Abbott, in positioning as the opposite to the Government – the alternative purchase choice – just needs to talk straight. Not surprisingly, this is exactly what he’s doing and people are noticing the difference already.

Here is an example from Melbourne’s Herald Sun:

“Abbott, using plain sentences we’d never heard from Malcolm Turnbull, said the Liberals would no longer agree to pass the Rudd Government’s emissions trading scheme.”

And he has taken it a step further.

The ETS, somewhat steeped in mystery and badly sold to the Australian public from the start, has morphed in the minds of voters from the ALP position “the greatest moral challenge (and solution) of our generation” and “for our children’s and grandchildren’s sake” to Abbott’s resounding “a big new tax on everything.”

It’s not going to take Einstein to figure out what the voters hear.

However, the quality that will most polarise and endear him, and place him squarely on the map, is courage.

Leaders must be courageous, and show strength, in order to be taken seriously. Tony Abbott is a person that has courage, some say recklessness, by the spades.

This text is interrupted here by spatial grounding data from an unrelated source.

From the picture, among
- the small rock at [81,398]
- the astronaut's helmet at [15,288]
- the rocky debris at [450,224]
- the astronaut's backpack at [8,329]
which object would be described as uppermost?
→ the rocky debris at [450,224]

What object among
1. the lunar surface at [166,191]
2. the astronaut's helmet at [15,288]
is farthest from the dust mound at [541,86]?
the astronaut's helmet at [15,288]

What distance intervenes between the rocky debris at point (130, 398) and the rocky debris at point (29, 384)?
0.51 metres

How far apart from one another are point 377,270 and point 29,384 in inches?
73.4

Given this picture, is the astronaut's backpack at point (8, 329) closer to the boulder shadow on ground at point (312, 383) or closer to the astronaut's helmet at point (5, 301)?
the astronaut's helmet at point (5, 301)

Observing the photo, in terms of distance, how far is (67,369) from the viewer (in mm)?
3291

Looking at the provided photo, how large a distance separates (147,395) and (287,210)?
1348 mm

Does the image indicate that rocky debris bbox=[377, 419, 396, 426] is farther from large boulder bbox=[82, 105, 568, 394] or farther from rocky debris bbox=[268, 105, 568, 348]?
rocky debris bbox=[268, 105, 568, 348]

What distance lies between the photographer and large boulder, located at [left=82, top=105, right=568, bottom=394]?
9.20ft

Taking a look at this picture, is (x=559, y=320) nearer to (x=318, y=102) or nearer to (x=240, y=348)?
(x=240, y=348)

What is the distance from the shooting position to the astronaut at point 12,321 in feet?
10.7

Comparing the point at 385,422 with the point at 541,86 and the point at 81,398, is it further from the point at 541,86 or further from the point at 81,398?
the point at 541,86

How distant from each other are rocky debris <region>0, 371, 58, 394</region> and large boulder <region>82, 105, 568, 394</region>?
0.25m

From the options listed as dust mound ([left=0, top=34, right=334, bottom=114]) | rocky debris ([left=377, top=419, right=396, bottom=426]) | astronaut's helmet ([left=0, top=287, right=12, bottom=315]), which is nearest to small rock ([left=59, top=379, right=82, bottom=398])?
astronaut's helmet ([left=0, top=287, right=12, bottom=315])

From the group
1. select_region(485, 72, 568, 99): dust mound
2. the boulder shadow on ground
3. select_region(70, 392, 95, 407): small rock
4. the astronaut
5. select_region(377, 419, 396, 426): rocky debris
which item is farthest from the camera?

Notwithstanding his critics, it took an immense amount of courage to stand up and be counted against the ETS (even though the Liberals were finished if they didn’t). And it’s this type of courage that will cement him most certainly as a serious challenger to the PM come the next election. And we’ve seen it in action already.

Since blocking the ETS in the senate, Abbott has repeatedly challenged Kevin Rudd to a nationally televised debate on Rudd’s proposed ETS legislation.

Rudd has declined. He knows Abbott’s communication skills are far superior to his own. Worse, the ETS taxing mechanism is flawed and now wholly owned by the ALP.

His failure to front up, though, positions Rudd as a coward. And cowards are typically untrustworthy because people think they have something to hide.

In the suburbs, the noise will be deafening as brain cells whir inside ordinary voters heads. The rumble goes something along these lines: If you cannot explain and defend your policy, why are you wanting to impose it on me?

Politics is a whole lot more interesting and entertaining with a character like Tony Abbott at the helm of the Liberal Party.

Provided he can keep ignoring Malcolm Turnbull’s attempts to distract by nonsensical sniping, focus on the real issues and Kevin Rudd, and continue to call things as he sees it in language that everyday Australians can understand, he’s a genuine contender in 2010.

If I was Rudd, I’d be nervous. A true challenger brand has emerged.